◆ Data provided
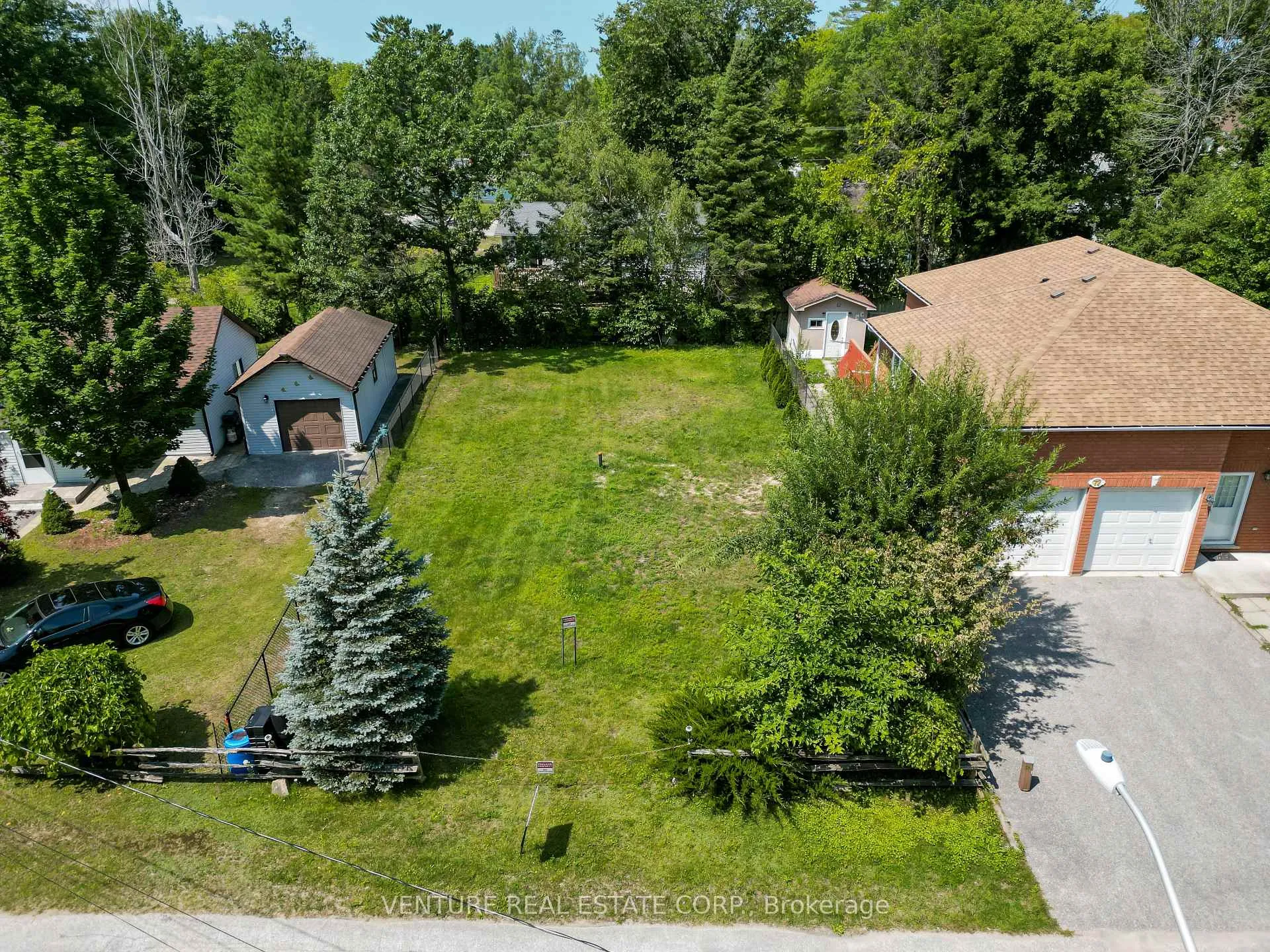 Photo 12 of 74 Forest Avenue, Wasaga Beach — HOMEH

--

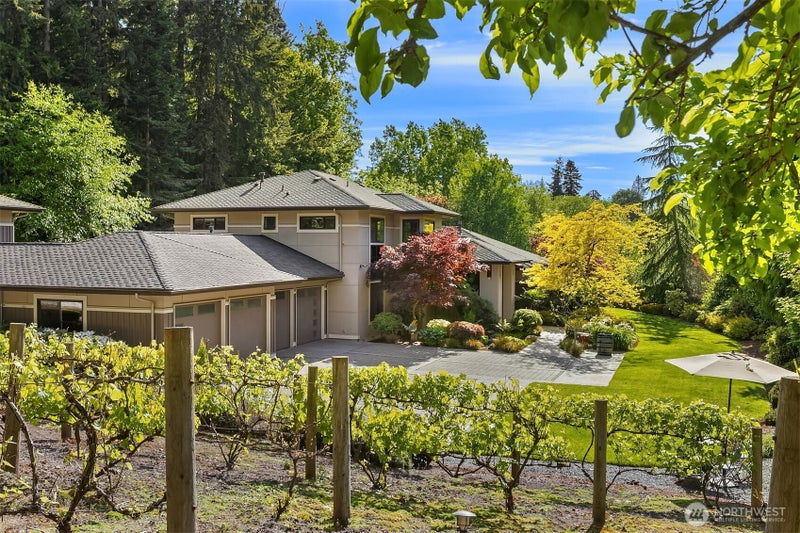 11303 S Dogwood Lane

...

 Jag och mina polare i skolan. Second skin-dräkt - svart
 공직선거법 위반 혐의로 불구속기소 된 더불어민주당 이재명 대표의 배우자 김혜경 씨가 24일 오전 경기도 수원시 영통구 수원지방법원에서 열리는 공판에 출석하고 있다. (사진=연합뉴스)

◆ Required action
Among the records above, only the lines between the line holding "Jag och mina" and the line holding "공직선거법 위반 혐의로", inclusive, are to be output, exactly as written.

◆ Reply
 Jag och mina polare i skolan. Second skin-dräkt - svart
 공직선거법 위반 혐의로 불구속기소 된 더불어민주당 이재명 대표의 배우자 김혜경 씨가 24일 오전 경기도 수원시 영통구 수원지방법원에서 열리는 공판에 출석하고 있다. (사진=연합뉴스)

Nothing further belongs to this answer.